Dans ce double CD façon coffret, Philippe Herreweghe livre sa vision de la pratique de cette esthétique. Le livret qui l’accompagne propose un utile point d’étape des recherches musicologiques qui n’ont jamais cessé. Celui-ci suscite trois regrets, cependant. D’abord, le silence du chef qui aurait tant à nous apprendre sur ses choix en matière d’instrumentation et sur l’origine des antiennes. Ensuite, sur le style un peu lourd de la traduction française et ses quelques approximations (comme par exemple, dans la première colonne de la page 21, l’emploi du terme « leçon » pour celui de « lecture », correctement traduit par « Lesung » dans la traduction allemande). Enfin, l’espace laissé « vide » sur le second CD (38 minutes d’enregistrement seulement) alors que nous aurions découvert avec le plus grand intérêt la messe In illo tempore qui accompagne les Vêpres dans la partition d’origine.

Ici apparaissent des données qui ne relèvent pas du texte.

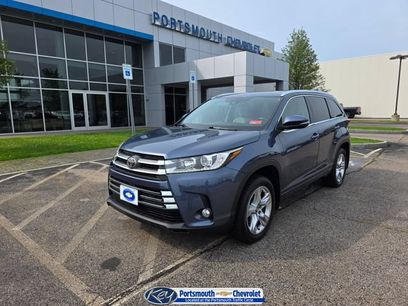 Used 2017 Toyota Highlander Limited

Dans une musique successivement fougueuse et sensible mais toujours fervente, recueillie dans le cantus firmus et virtuose dans certains passages solistes, Philippe Herreweghe manie les sons en maître de la nuance. Au-delà de la technique, il nous permet d’établir une connexion émotionnelle avec un compositeur et les sonorités de son temps. Il y parvient avec la complicité d’artistes dominant leur art et communiant manifestement avec l’esprit qui habite la partition. Pour les voix, l’extrême attention à l’intelligibilité des mots est rarement prise à défaut. De même, les phrasés les plus exigeants sont généralement d’un parfaite fluidité. Et que dire de ce savoir-faire collectif qui donne de si belles couleurs aux chœurs ? Les instruments, enfin, trouvent naturellement leur juste place. Ici, en soutien des voix ; là en partenaire à parts égales. Un permanent exercice d’équilibre, sans fausse note.

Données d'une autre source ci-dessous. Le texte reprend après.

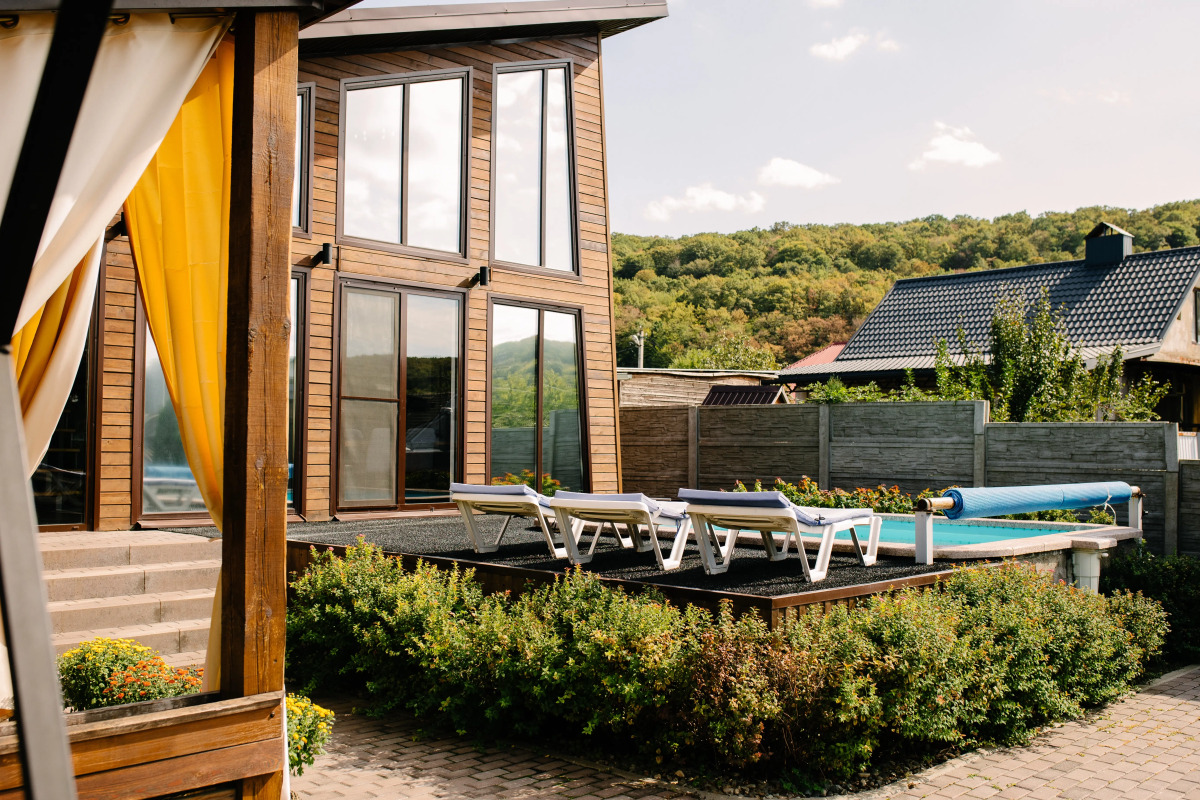 Гостевой дом Барни с горячим бассейном и видом на закат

Enfin, la conjonction des voix et des instruments ne produit pas seulement des sons. Elle transporte l’auditeur attentif dans les sphères de la spiritualité. Dynamisé par les épisodes exubérants et bercé par les mélodies grégoriennes éthérées, l’esprit s’abandonne naturellement à la méditation. Un baume salutaire pour temps agités.